« Frères de sang », création de la compagnie Dos à deux

 Artur Ribeiro , André Curti, Présence Pasteur, Avignon off, du 9 au 31 juillet

— Par Michèle Bigot—

 freres_de_sang-2Frères de sang est un spectacle théâtral total dans lequel la pantomime la danse, et plus largement la gestualité, accompagnées et rehaussées par le jeu des lumières, des mouvements des déplacements constituent un système de significations des plus denses.

Sans le secours d’aucune parole, les personnages installent peu à peu tout le jeu des relations complexes qui unissent et divisent les familles.

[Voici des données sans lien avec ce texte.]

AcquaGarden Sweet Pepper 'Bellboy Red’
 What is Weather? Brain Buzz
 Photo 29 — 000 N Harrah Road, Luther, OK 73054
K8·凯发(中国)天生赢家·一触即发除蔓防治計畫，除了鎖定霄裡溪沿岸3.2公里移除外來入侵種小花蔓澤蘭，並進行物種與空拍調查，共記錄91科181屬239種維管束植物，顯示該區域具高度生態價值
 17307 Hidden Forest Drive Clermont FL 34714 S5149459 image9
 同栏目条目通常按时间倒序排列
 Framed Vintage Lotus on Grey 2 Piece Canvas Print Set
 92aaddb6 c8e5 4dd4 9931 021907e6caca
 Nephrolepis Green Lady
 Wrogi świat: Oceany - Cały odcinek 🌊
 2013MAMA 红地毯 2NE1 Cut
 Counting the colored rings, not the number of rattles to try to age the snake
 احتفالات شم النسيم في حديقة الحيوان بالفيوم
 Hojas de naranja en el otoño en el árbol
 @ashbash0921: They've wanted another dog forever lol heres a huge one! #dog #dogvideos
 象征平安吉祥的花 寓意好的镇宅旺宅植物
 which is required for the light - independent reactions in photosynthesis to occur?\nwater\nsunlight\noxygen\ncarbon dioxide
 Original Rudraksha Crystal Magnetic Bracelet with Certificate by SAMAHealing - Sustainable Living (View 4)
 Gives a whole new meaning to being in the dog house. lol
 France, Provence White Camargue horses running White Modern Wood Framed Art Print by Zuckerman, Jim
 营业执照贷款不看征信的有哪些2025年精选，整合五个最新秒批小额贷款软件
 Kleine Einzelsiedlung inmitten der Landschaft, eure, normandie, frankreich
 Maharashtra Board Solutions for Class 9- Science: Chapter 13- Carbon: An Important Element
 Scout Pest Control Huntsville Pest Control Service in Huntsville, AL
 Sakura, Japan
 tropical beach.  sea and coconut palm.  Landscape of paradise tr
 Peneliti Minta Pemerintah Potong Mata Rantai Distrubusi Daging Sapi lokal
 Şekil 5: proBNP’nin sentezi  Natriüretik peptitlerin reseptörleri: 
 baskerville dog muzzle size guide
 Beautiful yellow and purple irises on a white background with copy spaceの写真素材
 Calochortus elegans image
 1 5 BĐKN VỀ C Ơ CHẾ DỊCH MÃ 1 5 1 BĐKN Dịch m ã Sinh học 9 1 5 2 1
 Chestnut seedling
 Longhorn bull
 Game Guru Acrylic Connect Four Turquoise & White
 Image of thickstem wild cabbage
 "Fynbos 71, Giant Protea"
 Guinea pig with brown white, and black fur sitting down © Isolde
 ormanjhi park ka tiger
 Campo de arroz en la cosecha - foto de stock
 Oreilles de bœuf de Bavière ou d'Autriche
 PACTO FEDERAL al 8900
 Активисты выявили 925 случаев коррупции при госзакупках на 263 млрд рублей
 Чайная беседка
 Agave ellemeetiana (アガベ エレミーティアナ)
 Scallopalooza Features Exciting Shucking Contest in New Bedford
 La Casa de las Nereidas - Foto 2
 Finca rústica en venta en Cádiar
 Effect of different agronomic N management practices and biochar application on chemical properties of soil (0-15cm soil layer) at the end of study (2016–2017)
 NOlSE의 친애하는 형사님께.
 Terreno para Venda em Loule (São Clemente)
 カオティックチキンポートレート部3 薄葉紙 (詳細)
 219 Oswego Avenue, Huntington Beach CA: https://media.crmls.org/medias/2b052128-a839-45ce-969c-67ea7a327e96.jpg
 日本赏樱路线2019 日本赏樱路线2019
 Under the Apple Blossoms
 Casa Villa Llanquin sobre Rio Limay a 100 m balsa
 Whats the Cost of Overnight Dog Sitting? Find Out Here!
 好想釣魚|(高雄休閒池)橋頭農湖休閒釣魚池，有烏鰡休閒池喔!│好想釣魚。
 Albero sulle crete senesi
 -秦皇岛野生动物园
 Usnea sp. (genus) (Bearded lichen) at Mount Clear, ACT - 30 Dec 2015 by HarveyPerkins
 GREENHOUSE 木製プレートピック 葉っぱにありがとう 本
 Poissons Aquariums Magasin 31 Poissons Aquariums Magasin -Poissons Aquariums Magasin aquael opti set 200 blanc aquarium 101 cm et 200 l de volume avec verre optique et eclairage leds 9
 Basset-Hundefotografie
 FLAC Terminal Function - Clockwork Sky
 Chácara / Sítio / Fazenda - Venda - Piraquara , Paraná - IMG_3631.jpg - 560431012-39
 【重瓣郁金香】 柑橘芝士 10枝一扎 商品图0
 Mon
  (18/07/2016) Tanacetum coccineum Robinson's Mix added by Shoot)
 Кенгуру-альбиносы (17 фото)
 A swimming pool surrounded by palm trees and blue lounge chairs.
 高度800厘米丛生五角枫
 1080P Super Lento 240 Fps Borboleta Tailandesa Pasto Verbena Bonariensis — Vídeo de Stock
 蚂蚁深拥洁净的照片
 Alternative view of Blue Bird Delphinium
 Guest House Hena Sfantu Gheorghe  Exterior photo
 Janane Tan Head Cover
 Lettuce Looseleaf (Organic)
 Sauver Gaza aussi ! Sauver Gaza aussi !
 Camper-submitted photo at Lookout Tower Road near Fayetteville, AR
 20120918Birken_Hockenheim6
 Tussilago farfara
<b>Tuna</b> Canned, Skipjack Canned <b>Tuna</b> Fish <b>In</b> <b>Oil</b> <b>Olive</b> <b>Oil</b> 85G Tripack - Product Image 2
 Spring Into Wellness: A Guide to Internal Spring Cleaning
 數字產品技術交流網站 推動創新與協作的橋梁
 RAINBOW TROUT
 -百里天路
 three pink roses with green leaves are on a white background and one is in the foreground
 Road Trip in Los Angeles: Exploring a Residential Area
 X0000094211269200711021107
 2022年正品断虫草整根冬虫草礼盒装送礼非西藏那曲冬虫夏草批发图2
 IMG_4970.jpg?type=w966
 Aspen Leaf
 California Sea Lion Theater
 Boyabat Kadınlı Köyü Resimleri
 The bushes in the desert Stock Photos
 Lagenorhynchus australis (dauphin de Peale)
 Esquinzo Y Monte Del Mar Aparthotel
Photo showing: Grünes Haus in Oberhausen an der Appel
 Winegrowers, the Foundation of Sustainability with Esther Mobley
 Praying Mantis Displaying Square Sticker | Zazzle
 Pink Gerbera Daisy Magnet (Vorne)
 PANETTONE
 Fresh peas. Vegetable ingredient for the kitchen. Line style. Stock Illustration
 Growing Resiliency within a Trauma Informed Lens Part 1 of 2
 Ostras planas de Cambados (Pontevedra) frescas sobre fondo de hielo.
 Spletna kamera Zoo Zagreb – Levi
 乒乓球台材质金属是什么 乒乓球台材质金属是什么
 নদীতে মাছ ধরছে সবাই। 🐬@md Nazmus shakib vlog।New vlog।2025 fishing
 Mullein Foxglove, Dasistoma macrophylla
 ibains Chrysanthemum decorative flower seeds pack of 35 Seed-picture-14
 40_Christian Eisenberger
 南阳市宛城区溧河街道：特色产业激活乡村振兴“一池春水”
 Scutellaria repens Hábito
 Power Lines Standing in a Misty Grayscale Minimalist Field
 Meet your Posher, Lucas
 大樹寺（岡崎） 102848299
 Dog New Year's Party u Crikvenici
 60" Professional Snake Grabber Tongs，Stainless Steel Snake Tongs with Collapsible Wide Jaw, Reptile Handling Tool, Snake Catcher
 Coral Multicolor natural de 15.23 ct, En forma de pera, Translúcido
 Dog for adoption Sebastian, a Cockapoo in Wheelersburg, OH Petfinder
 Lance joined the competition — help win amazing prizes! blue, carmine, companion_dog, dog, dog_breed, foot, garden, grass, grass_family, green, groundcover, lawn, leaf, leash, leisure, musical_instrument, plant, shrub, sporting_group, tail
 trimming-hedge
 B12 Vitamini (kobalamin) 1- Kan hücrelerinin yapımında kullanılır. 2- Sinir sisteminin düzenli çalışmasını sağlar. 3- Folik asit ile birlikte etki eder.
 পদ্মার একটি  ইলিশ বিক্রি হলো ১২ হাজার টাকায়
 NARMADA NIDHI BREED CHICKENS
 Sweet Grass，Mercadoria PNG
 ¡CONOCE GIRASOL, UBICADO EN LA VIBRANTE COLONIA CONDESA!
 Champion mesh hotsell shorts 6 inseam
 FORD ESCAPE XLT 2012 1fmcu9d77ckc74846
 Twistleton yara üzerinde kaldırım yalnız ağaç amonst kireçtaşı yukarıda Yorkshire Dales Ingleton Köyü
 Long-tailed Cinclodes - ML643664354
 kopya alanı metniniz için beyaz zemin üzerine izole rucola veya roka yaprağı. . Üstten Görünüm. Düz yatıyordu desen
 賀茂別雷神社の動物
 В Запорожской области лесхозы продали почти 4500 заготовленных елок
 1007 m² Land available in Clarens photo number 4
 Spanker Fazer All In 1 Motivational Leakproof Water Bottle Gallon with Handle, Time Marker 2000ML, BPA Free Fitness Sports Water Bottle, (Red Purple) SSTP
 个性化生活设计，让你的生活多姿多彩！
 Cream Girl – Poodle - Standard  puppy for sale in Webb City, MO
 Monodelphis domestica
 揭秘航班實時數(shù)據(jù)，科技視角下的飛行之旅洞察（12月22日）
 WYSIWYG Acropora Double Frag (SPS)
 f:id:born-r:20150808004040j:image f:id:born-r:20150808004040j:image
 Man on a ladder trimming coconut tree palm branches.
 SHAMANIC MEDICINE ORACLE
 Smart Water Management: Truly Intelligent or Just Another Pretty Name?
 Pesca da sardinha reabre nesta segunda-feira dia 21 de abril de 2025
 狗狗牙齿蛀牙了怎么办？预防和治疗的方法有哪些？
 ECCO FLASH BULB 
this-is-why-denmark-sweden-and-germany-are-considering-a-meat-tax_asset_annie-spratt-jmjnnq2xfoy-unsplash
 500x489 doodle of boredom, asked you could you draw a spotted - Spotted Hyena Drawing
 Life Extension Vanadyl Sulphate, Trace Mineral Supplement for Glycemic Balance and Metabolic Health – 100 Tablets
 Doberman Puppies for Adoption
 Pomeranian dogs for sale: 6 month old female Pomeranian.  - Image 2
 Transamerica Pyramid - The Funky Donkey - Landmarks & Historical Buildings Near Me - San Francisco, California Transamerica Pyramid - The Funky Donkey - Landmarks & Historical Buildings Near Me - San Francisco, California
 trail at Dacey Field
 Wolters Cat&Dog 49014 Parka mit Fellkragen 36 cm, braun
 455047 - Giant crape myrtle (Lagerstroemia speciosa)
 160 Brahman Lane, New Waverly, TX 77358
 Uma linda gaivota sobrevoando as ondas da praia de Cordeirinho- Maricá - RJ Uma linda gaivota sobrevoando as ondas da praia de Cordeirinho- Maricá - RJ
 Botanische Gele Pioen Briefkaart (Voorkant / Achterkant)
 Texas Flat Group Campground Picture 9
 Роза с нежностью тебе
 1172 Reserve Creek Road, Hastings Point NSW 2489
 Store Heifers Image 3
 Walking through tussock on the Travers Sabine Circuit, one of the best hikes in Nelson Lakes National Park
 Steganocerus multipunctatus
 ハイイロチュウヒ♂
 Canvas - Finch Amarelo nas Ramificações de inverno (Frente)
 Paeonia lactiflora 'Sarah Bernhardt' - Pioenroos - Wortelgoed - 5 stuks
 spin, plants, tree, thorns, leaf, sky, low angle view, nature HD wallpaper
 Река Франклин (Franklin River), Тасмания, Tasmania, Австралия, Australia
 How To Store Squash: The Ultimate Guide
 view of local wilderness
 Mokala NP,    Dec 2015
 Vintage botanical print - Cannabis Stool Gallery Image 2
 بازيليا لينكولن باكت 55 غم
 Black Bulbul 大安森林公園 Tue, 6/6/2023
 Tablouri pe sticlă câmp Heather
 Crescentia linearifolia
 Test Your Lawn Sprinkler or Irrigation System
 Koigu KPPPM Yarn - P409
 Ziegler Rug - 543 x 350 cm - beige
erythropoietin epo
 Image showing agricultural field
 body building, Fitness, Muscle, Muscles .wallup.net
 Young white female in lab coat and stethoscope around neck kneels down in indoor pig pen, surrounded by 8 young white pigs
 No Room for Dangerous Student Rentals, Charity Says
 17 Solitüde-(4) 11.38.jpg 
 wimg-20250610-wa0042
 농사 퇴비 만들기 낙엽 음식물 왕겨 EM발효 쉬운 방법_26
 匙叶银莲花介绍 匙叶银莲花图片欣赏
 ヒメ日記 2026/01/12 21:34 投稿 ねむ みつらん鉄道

Toute la charge affective qui irrigue la fratrie, dans sa relation orageuse avec la mère est rendue sensible dans une série de scènes archétypiques de la vie familiale. Tout commence avec les retrouvailles des frères : le père vient de mourir, les frères se chargent de la toilette mortuaire.

 

La mort du père autorise alors une plongée dans l’enfance. A partir de ce bond dans le passé, la construction narrative suit le fil chronologique de la vie familiale, la petite enfance, les jeux, les rivalités, les naissances, et tous les accidents de la vie. Le père quitte le foyer, les garçons se retrouvent seuls face à la mère, entre déchirement de la jalousie et complicité contre la figure maternelle aussi aimée que redoutée.

 

Les scènes comiques alternent avec les plus dramatiques voire les plus pathétiques. L’émotion est toujours intense ; elle est palpable dans le silence tendu des spectateurs. L’ambiance est lourde, chargée par les jeux d’ombre. Le noir s’impose largement dans les éclairages, tous les modes de rotation règlent le mouvement, le silence est pesant, parfois brisé par les bruits grinçants des jeux et des bagarres entre frères. Car entre frères, même la tendresse est brutale, tant dans la rivalité que dans les cajoleries maladroites qu’ils dispensent à leur mère. Et la mère semble perdue dans ce tourbillon émotionnel, marionnette désarticulée, fantoche tiraillé entre sa vie de femme et le devoir maternel, dépassée par tout ce débordement affectif qu’elle ne peut endiguer.

 

Par un effet de clôture des plus attendus, le drame se termine comme il avait commencé , mais par inversion des événements de retrouvaille/séparation des frères, s’éloignant définitivement dans l’ombre de l’oubli.

 

Au total un spectacle d’une intense émotion, qui touche chacun dans le plus sensible de son histoire personnelle.